AVAILABLE RECORDS section start
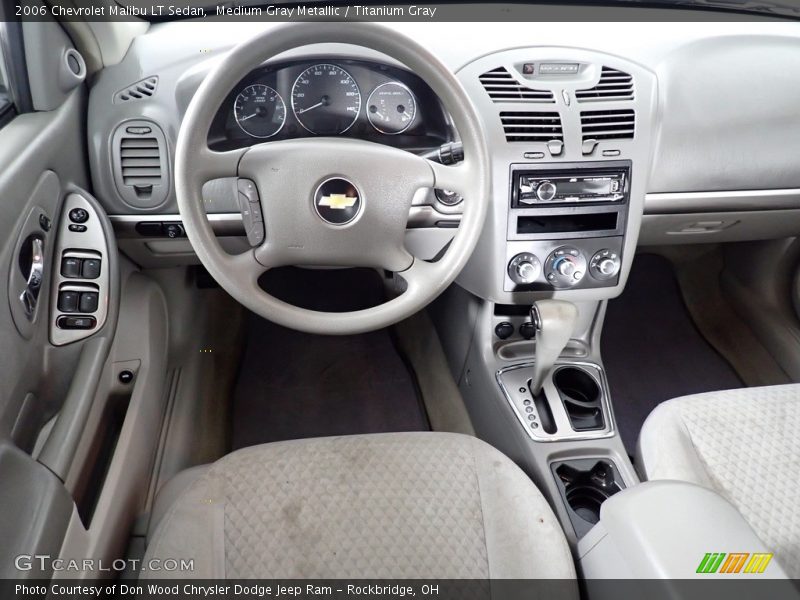 Medium Gray Metallic / Titanium Gray 2006 Chevrolet Malibu LT Sedan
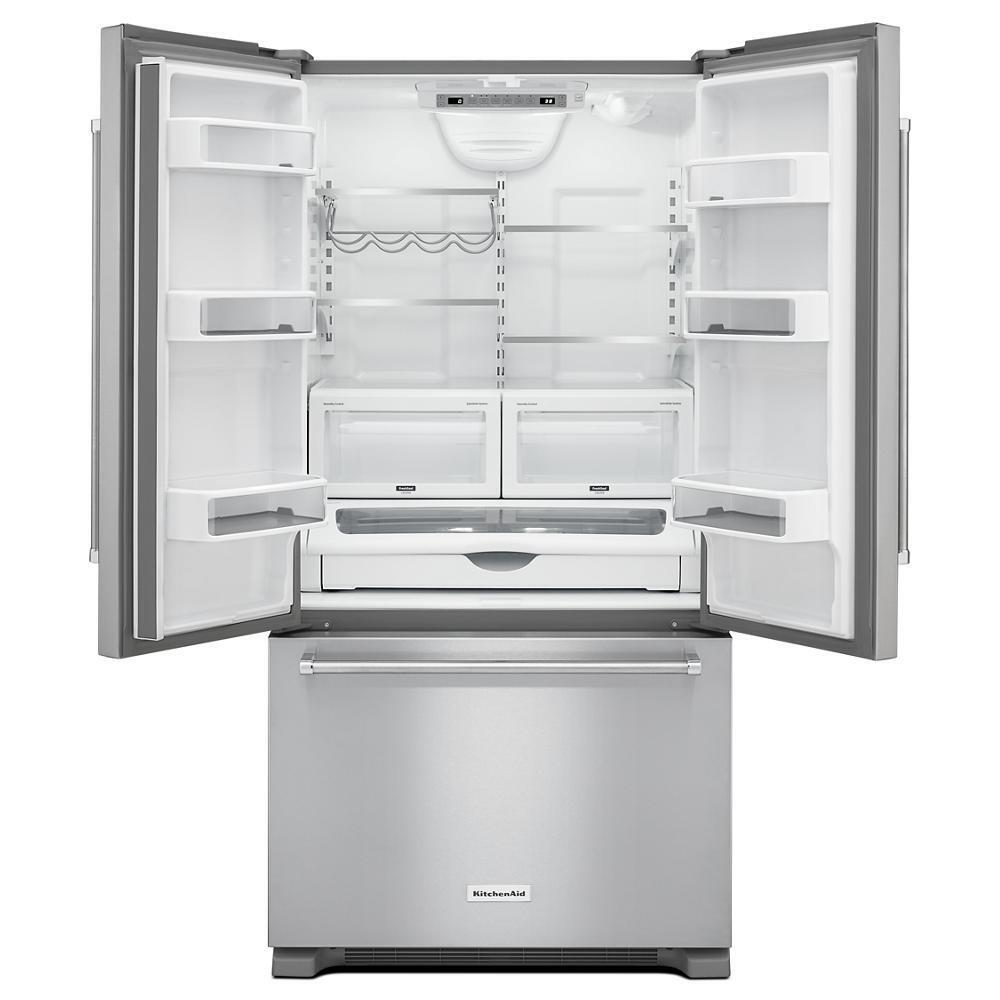 Kitchenaid KRFC302ESS 22 cu. ft. 36" Counter-Depth French Door Refrigerator with Interior Dispense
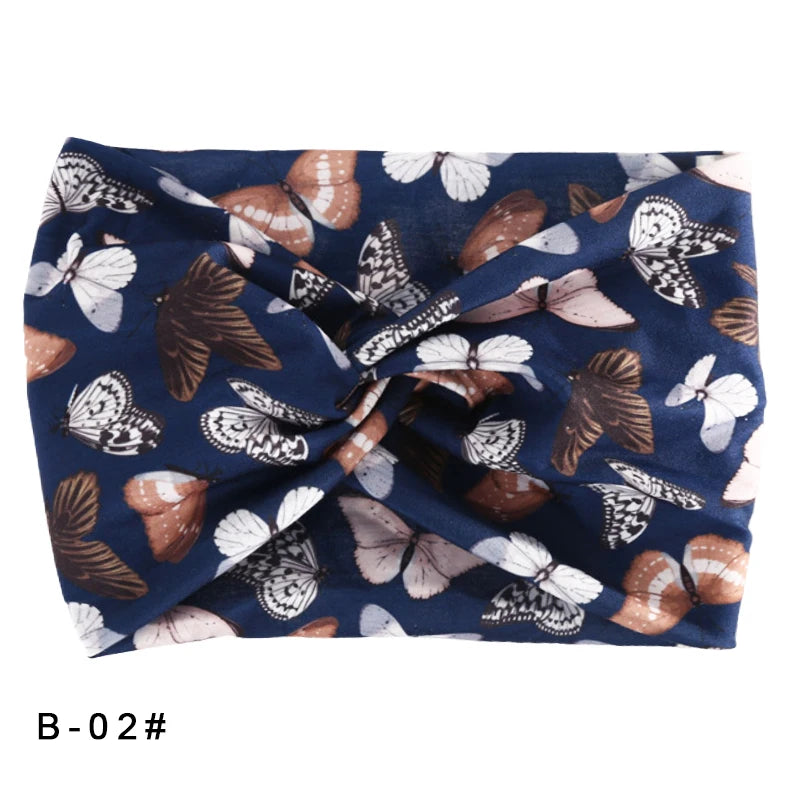 Printed Wide Elastic Head band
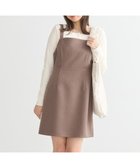 【アースミュージックアンドエコロジー/earth music&ecology】のスクエアネックミニワンピース 人気、トレンドファッション・服の通販 founy(ファニー) ファッション Fashion レディースファッション Fashion for Women ワンピース Dresses おすすめ Recommended / Our Picks コンパクト Compact, Small Size スクエア Square, Square Shape トレンド Trend, Trending Now フォルム Silhouette, Form ボトム Bottoms, Lower Wear ポケット Pocket, Pocket Detail レース Lace, Lace Fabric A/W・秋冬 Autumn/Winter thumbnail Brown|ID: prp329100004562283 ipo3291000000033660496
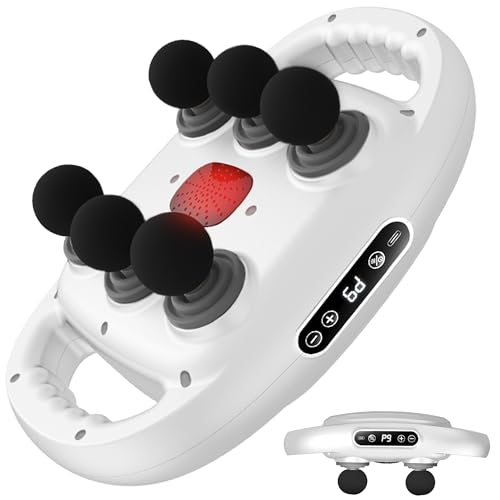 6 Head Massage Gun Deep Tissue with 9 Levels & 9 Modes, Professional Electric Massager Tool for Legs, Arms, Waist, Back - Detailed View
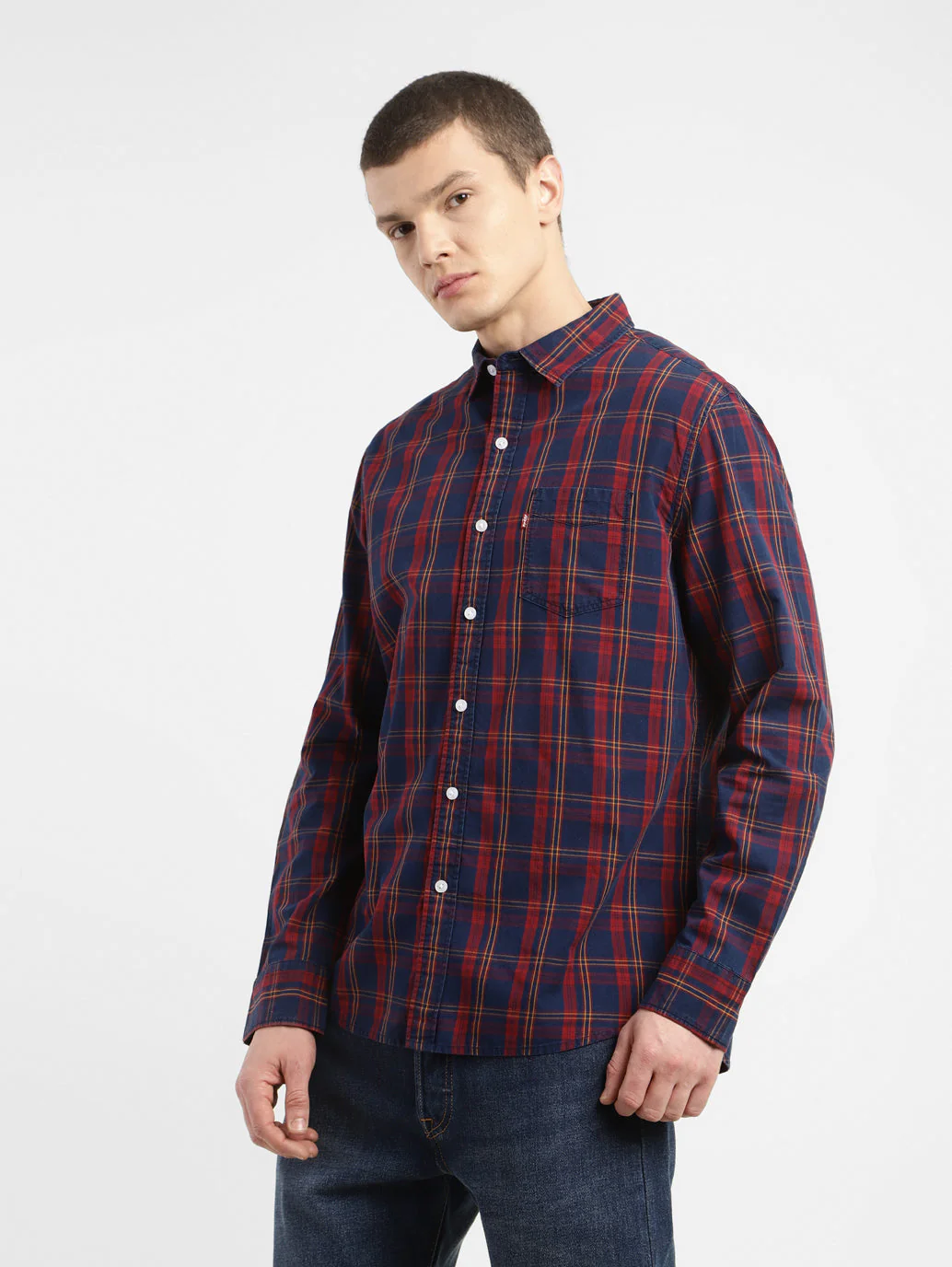 Men's Checkered Slim Fit Shirt - Image 4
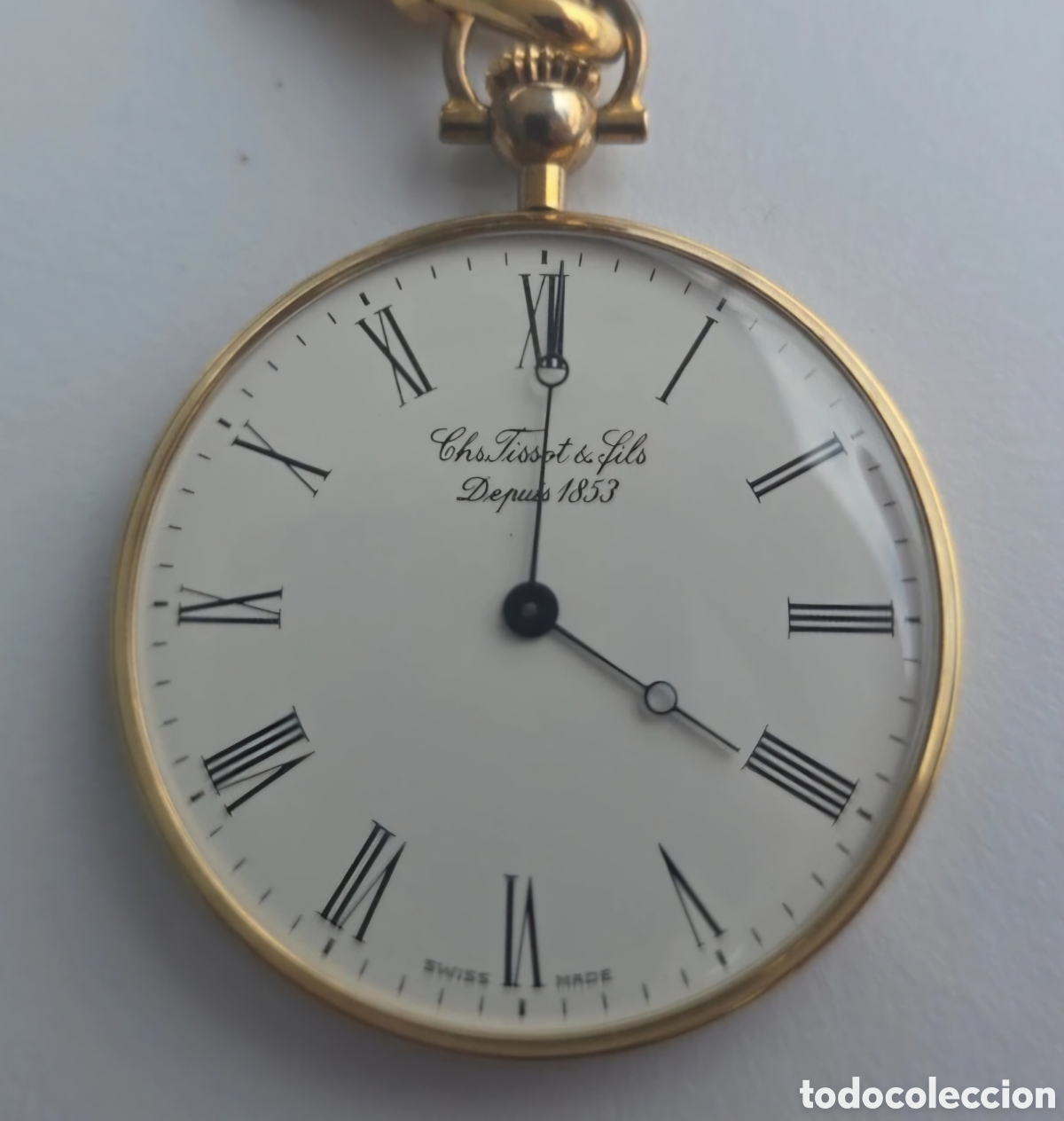 Relojes de bolsillo: Rel&oacute;gio de Bolso Antigo AP Tissot Gen&egrave;ve em Prata Maci&ccedil;a 0.800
AVAILABLE RECORDS section end
PROBLEM TO WORK ON:
Produce an exact copy of the lines from the line with "6 Head Massage" through the last line of the data above, both ends included. No pictures belong in it.

YOUR RESPONSE:
 6 Head Massage Gun Deep Tissue with 9 Levels & 9 Modes, Professional Electric Massager Tool for Legs, Arms, Waist, Back - Detailed View
 Men's Checkered Slim Fit Shirt - Image 4
 Relojes de bolsillo: Rel&oacute;gio de Bolso Antigo AP Tissot Gen&egrave;ve em Prata Maci&ccedil;a 0.800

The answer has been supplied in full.